For the last half-century, undergraduate-level microeconomics has focused on simple and unrealistic hypotheticals, sending the message that real-world microeconomic thinking should be left to the experts. But grasping realistic microeconomic scenarios does not require years of research experience.

TOULOUSE – For the last half-century, the world’s leading universities have taught microeconomics through the lens of the Arrow-Debreu model of general competitive equilibrium. The model, formalizing a central insight of Adam Smith’s The Wealth of Nations, embodies the beauty, simplicity, and lack of realism of the two fundamental theorems of competitive equilibrium, in contrast to the messiness and complexity of modifications made by economists in an effort to capture better the way the world actually functions. In other words, while researchers attempt to grasp complex, real-world situations, students are pondering unrealistic hypotheticals.

This educational approach stems largely from the sensible idea that a framework for thinking about economic problems is more useful to students than a ragbag of models. But it has become burdened with another, more pernicious notion: as departures from the Arrow-Debreu model become more realistic, and thus more complex, they become less suitable for the classroom. In other words, “real” microeconomic thinking should be left to the experts.
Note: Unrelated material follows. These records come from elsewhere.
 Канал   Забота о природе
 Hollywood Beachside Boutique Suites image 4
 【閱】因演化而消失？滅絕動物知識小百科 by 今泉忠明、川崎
To be sure, basic models – for example, theories of monopoly and simple oligopoly, the theory of public goods, or simple asymmetric-information theory – have some educational value. But few researchers actually work with them. The bread-and-butter theories for microeconomics research – incomplete contracts, two-sided markets, risk analysis, inter-temporal choice, market signaling, financial-market microstructure, optimal taxation, and mechanism design – are far more complicated, and require exceptional finesse to avoid inelegance. Given this, they are largely excluded from textbooks.